草の根・人間の安全保障無償資金協力
「山東省臨沂市沂南県孫祖中学校校舎建設計画の竣工式典を開催」
2009年6月18日
在青島日本国総領事館
6月18日、草の根・人間の安全保障無償資金協力案件「山東省沂南県孫祖中学校校舎建設計画」の竣工式が山東省のプロジェクトサイトで行われました。竣工式には、当館より齋藤法雄総領事及び古谷桂子専門調査員が、中国側より劉暁・臨沂市副市長、張安学・沂南県財政局局長ほかが出席しました。
(1)案件名:山東省沂南県孫祖中学校校舎建設計画
(2)被供与団体:山東省沂南県財政局
(3)案件概要:山東省沂南県孫祖鎮・孫祖中学において、新校舎1棟を建設するための資金を供与する。
(4)社会的背景・ニーズ:
山東省沂南県は省都済南より南東へ約180kmの距離に位置し、人口約90万人を擁する。同県は山間丘陵地帯に属するため交通が極めて不便で、他地域との往来が少なく経済発展が遅れており、県民の年間純収入は2,000元(約30,000円弱)にも満たない。県政府の財政状況も支出が収入を大きく上回るなど困窮しており(県政府04年財政:収入1.6億元、支出3.9億元)、当県は省内において、経済貧困県30県の1つとされている。
当県西部に属する孫祖鎮の義務教育の重要な担い手である孫祖中学校は、1987年に設立され、現在生徒886名、教員83名から成る中規模校であり、宿舎を含む校内施設の総建築面積は5,821㎡である。その内、危険建造物に指定されている校舎面積は2,164㎡に及び、これらの危険校舎には内壁、外壁に大きな亀裂が走ったり、屋根を支える垂木が腐乱したりする等の重大な欠陥が認められる。当校では危険校舎に対し、応急処置的な補修を可能な限り行い、危険度の殊に高い箇所は教室以外の用途(職員室など)に充てる等、差し当たりの対応は行っているものの、抜本的な解決策を実行するには至っていない。

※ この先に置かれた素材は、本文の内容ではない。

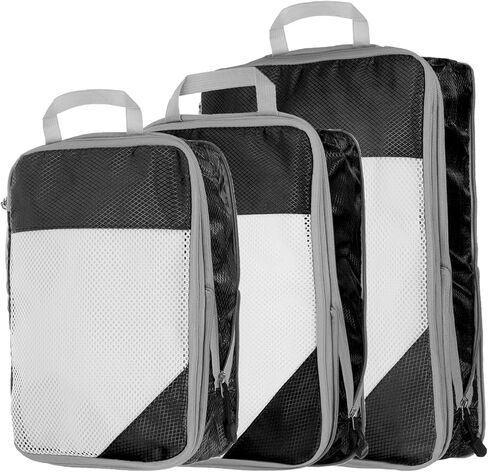 Harfington 3PCS Compression Compression Backing Cube لحقوق حقائب خفيفة الوزن منظمي الأمتعة أكياس أساسيات السفر من أجل حقائب تحمل على حقائب السماء الأزرق in Kuwait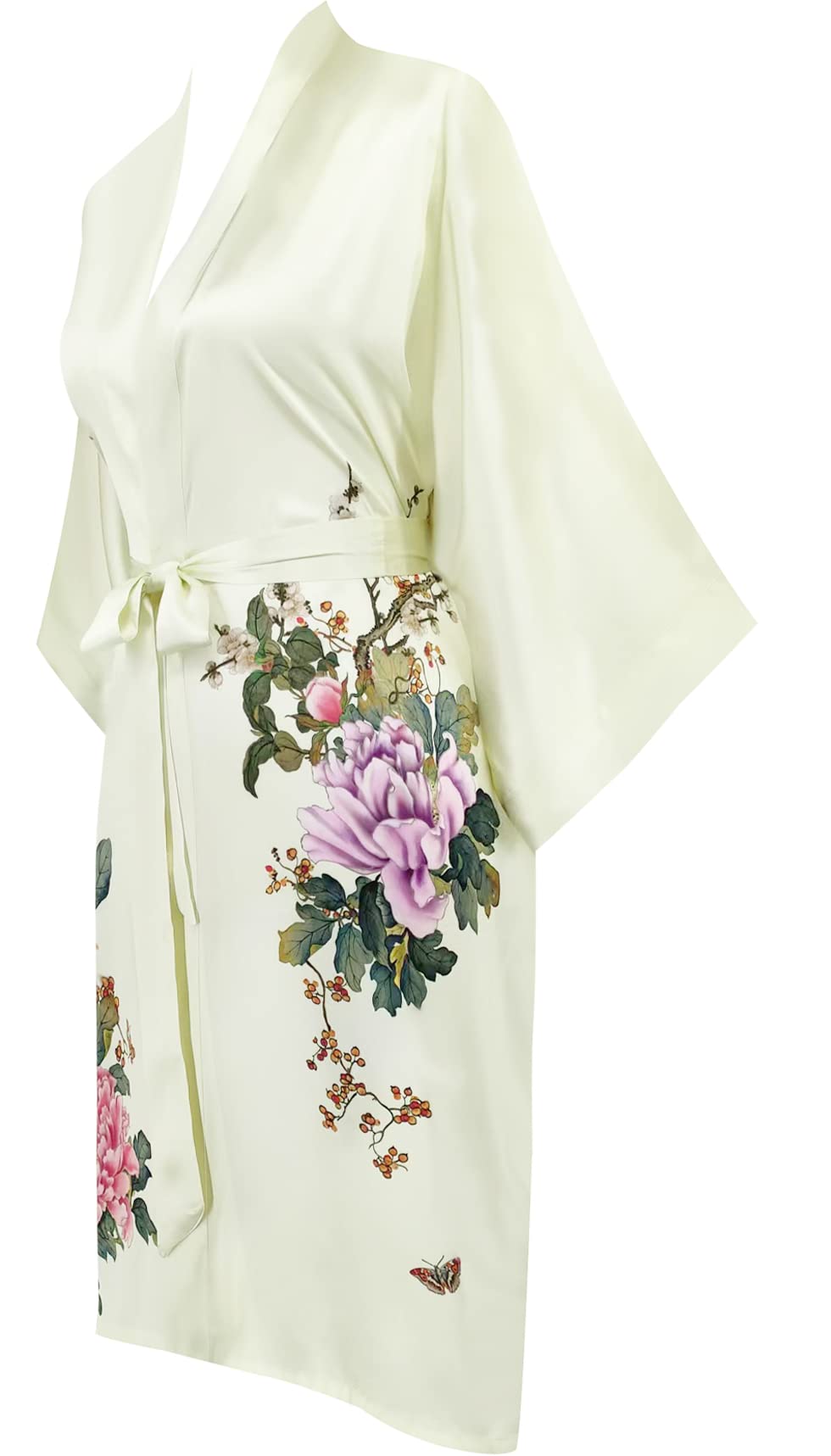 Women's 100% Silk Kimono Robe - Short Sleeve Bathrobe & Pajama Set - Lightweight Loungewear for Spa, Yoga & Home Relaxation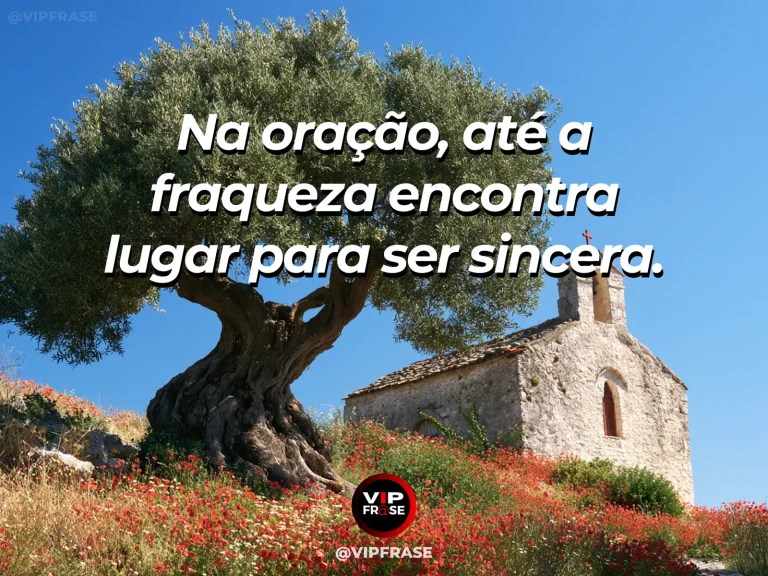 Frase de força sobre fraqueza sem disfarces, com capela esculpida em montanha com luz dourada entrando por uma porta.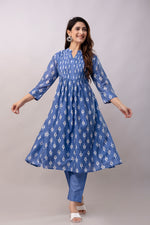 Women Chanderi Three Piece Suit Set-ETPS Blue Boota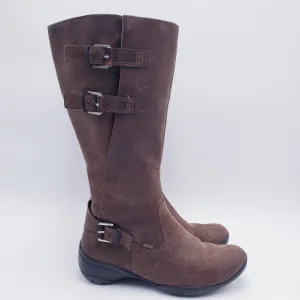 Ecco Brown Leather Mid-Calf Boot Triple Buckle Flat Heel Women's Size 37 US 6.5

県政府は以上のような事情に鑑み、孫祖中学校生徒、教員の安全確保、当校における学習環境の改善のため、危険校舎を取り壊し、敷地内に新校舎を建設することを決定したが、現地政府においては十分な予算措置を取ることが困難であるため、日本政府に援助を要請越したものである。
(5)裨益効果:
劣悪な学習環境で授業を行っている孫祖中学校の生徒886名が安全で快適な校舎で授業を受けられるようになり、当校の学習環境が大幅に改善される。
(6)供 与 額:89,908米ドル(実施当時710,278元相当)
(7)特記事項:
式において、コクヨ・インターナショナル株式会社より孫祖中学校に対し6,100冊のノートが寄贈された。